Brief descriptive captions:
BEGIN

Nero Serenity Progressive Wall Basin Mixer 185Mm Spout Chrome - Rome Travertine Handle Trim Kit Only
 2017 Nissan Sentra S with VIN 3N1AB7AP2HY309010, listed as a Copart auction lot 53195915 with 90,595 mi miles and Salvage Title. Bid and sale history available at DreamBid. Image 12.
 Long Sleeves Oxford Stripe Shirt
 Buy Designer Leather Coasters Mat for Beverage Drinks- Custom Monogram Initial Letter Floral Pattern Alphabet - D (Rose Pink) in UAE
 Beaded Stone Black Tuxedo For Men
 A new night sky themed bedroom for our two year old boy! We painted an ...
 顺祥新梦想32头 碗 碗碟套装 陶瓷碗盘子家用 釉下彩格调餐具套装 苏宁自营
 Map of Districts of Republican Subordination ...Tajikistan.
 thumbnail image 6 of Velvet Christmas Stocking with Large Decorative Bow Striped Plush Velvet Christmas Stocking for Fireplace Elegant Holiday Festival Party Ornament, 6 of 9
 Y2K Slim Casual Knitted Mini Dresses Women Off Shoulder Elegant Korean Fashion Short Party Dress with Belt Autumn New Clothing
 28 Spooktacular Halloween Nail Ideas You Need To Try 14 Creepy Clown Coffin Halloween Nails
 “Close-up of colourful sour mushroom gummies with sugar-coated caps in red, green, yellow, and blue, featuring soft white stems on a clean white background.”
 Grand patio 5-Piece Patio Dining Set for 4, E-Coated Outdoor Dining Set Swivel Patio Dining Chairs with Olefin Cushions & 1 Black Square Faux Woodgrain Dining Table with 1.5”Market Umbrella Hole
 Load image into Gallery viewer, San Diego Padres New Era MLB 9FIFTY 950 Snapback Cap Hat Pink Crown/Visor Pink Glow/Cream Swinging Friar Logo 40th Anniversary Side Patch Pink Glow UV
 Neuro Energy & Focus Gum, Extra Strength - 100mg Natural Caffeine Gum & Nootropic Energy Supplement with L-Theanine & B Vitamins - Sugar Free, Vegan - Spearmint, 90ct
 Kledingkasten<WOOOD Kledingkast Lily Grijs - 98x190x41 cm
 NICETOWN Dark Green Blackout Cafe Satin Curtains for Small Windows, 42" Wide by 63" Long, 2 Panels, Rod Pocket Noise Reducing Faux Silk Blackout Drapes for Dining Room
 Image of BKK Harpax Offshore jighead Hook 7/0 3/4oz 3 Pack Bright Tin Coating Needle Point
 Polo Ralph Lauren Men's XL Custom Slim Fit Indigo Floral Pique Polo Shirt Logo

END

Copy out the lines above word for word, stopping after the line containing "Grand patio 5-Piece".

▶ Worked solution
Nero Serenity Progressive Wall Basin Mixer 185Mm Spout Chrome - Rome Travertine Handle Trim Kit Only
 2017 Nissan Sentra S with VIN 3N1AB7AP2HY309010, listed as a Copart auction lot 53195915 with 90,595 mi miles and Salvage Title. Bid and sale history available at DreamBid. Image 12.
 Long Sleeves Oxford Stripe Shirt
 Buy Designer Leather Coasters Mat for Beverage Drinks- Custom Monogram Initial Letter Floral Pattern Alphabet - D (Rose Pink) in UAE
 Beaded Stone Black Tuxedo For Men
 A new night sky themed bedroom for our two year old boy! We painted an ...
 顺祥新梦想32头 碗 碗碟套装 陶瓷碗盘子家用 釉下彩格调餐具套装 苏宁自营
 Map of Districts of Republican Subordination ...Tajikistan.
 thumbnail image 6 of Velvet Christmas Stocking with Large Decorative Bow Striped Plush Velvet Christmas Stocking for Fireplace Elegant Holiday Festival Party Ornament, 6 of 9
 Y2K Slim Casual Knitted Mini Dresses Women Off Shoulder Elegant Korean Fashion Short Party Dress with Belt Autumn New Clothing
 28 Spooktacular Halloween Nail Ideas You Need To Try 14 Creepy Clown Coffin Halloween Nails
 “Close-up of colourful sour mushroom gummies with sugar-coated caps in red, green, yellow, and blue, featuring soft white stems on a clean white background.”
 Grand patio 5-Piece Patio Dining Set for 4, E-Coated Outdoor Dining Set Swivel Patio Dining Chairs with Olefin Cushions & 1 Black Square Faux Woodgrain Dining Table with 1.5”Market Umbrella Hole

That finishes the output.